私たちができるのは、自分に対しては、自分の体験の現在の意味を解釈して生きること、そして、他人に対しては、その人たちの体験の意味を解釈する自由を与えようとすることだけです。
ロジャーズは、もし真理があるとすれば、この自由な個人の探求のプロセスが、真理に向かって収束していくはずだと信じています。そして、これはロジャーズが自ら経験したことでもあります。

ロジャースは、よい人生を送るためのプロセスの特徴として、次の5つを挙げています。

  • 経験に対してオープンである:これと真逆の状態が自己防御です。自分の声に耳を傾け、自分の中で起こっていることのありのままを受け止め、恐怖や落胆、痛みといった感情に対しても、オープンになることで、より完全に生きることができます。
  • その時その時の自分を受け入れる:私たちの多くは、自分の先入観に合うように経験をねじ曲げて解釈します。築き上げた自分の世界と現実が合致しないことにイライラします。しかし、先入観に合わせて経験を解釈するではなく、その逆に、自己や人格を経験から形づくっていくのです。経験をコントロールするのではなく、経験を受け入れるのです。
  • 自分のすべてを信頼する:多くの人は、組織や団体が定めたルールや、他人の判断、あるいは過去に自分がとった行動を頼りに行動します。しかし、このプロセスは、信頼できません。
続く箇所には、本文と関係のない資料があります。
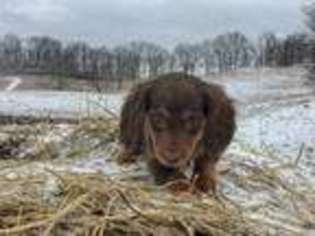 Dachshund Puppy for sale in Campton, KY, USA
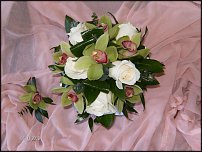 www.floristic.ru - .  .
現在の状況には適合しない情報が含まれていたり、逆に、現在存在する情報が抜け落ちていたりするからです。自らの感情や反応に正直になって、自分の経験にオープンになり、「正しいと感じる」ことをすることが、有能で信頼できる行動のガイドラインになります。
  • 創造性:以上の説明から、人に創造性が必要というよりは、よい人生を送る人たちが創造的であることが明らかでしょう。
    よい人生を送る人は、自分の世界に対してオープンで、周囲と新しい関係を築く自分の能力を信頼しており、必ずしも自分が所属する文化に「適応」するわけではありませんが、環境や文化とのバランスを図りながら、新しい経験を繰り返し、建設的に生きていきます。
  • 充実した人生:良い人生には、私たちの多くが置かれている窮屈な生活よりも、より広範囲な生活が含まれます。このプロセスに参加することは、より多様に、より豊かに、より繊細に、より鮮明に生きることであり、時に恐ろしく、時に満足する体験に関わるということです。
    そして、私たちがより広い範囲に渡ってよい人生を生きることができるのは、それを可能にする信頼できる道具は自分自身であるという根本的な自信があるからなのです。
    「良い人生」と呼ぶこのプロセスを表す言葉としては、幸せ、満足、至福、楽しいといった形容詞より、むしろ、豊かさ、興奮、やりがい、挑戦、意味といった形容詞の方が適切かもしれません。この「良い人生」のプロセスは、決して臆病な人たちには達成できません。自分の可能性をもっともっと引き伸ばし、人生の流れに身を投じ、成長する勇気を伴うプロセスだからです。人は、内なる自由を得たとき、このプロセスを「よい人生」として選択することができるのです。